The cleanroom form, label, and tags industry draws most of its materials specifications from Federal or Military standards. Cleanliness testing procedures are drawn from yet another array of specifications ranging from NASA KSC-C-123H to IEST-RP-CC020.2.
Traditionally, these items are tested for sub-visible particle levels using wet method testing, followed by particle enumeration using filtration, electronic laser, or microscopy. Wet method testing is the most accurate and detailed method of testing for particle counts on materials. Most, however, would argue that these methods do not represent the overall average particulate cleanliness of the items upon delivery and do not offer a cost effective means to accurately monitor particle counts over a broad statistical sampling for a specific production run. Most manufacturers, and their customers, will use this "worst case" data, derived from either wet or dry method testing, and will presume that the product will consistently meet this criterion. Put another way, the data sheet says it is a Class 10 cleanroom product, so it must be a Class 10 product. Unfortunately, Federal Standard 209 E deals with a cubic foot of air, not a surface of a label or its liner. Therefore, there is no such thing as a Class 10 or Class 100 labels. To make matters worse, the majority of label and tag vendors do not know what they are producing and will make the subject even cloudier.
How do we deal with this issue? Make no mistake: producing precision surface cleaned products is difficult. Precision surface cleaning of forms, labels and tags (down to 0.3 µm particles) requires a combination of different processes to achieve the cleanliness levels needed in today's critical cleanroom environments.
 Precision surface cleaning com-bines electrostatic ionization to neutralize the triboelectric surface charge that develops during the manufacturing process, air knife and contact cleaning of the material during and after the manufacturing process. Pre-cleaning (with an air knife) of the materials will focus on the 1 µm and larger particles and precision surface cleaning (contact) of the materials will break the boundary layer where 0.3 micron particles lay. In addition, they must deal with ionic contamination and nonvolativle residue (NVR) contamination from not only the materials themselves but also the processes they use to manufacture and convert the products. Finally they must be able to monitor particle counts on two surfaces (top and bottom) of the material and keep their cleaning process within specification.

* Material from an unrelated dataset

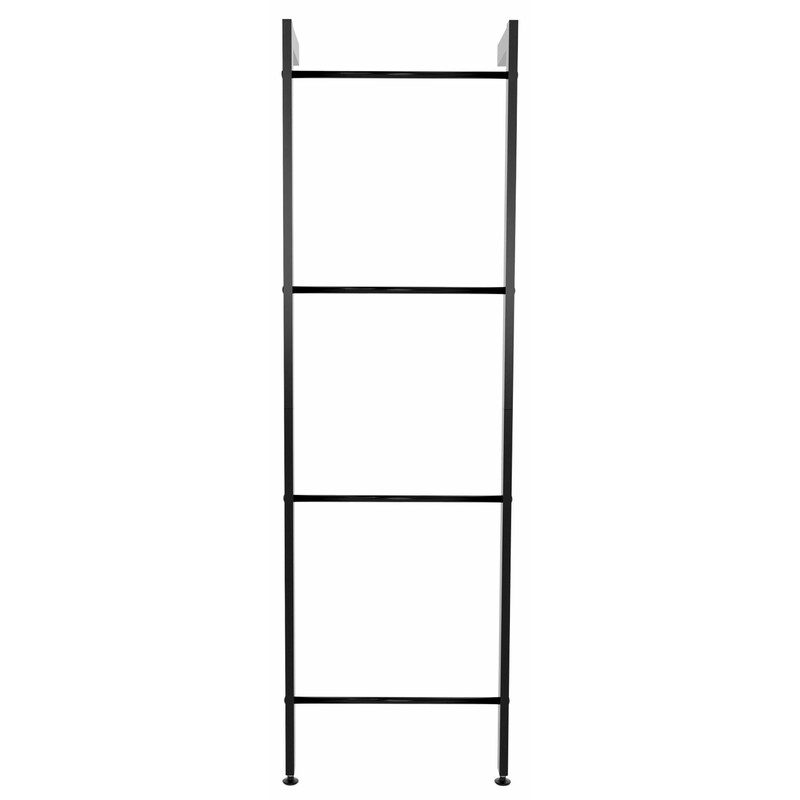 Kompakt og stilfuld håndklædetørrer til små badeværelser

To accomplish this some, manufacturers have turned to a laser based surface particle measuring instrument (example: Pentagon's QIIITM) to ensure statistical process and material particle cleanliness. The measurement device, and its probe, are stationary and the material surface is drawn under the probe at a constant rate of speed in a Class 10 minienvironment. Particles on that surface are disturbed and fluidized by high pressure ULPA air discharged through openings in the bottom of the probe head. These particles are then pulled through the vacuum port in the probe head to the QIIITM detector, which counts and analyzes the particles. The machine will then display the particle counts in 0.3 µm to 5 µm readings.
In today's critical environments, it is mandatory to be able to clean and measure surface particles at 0.3 µm levels. It is essential that techniques and standards be developed to aid in the detection and measurement of these surface particles in a cost effective and repeatable method. Although no current industry standard exists for this method, it does offer statistical and repeatable measuring for both the manufacturer and the user.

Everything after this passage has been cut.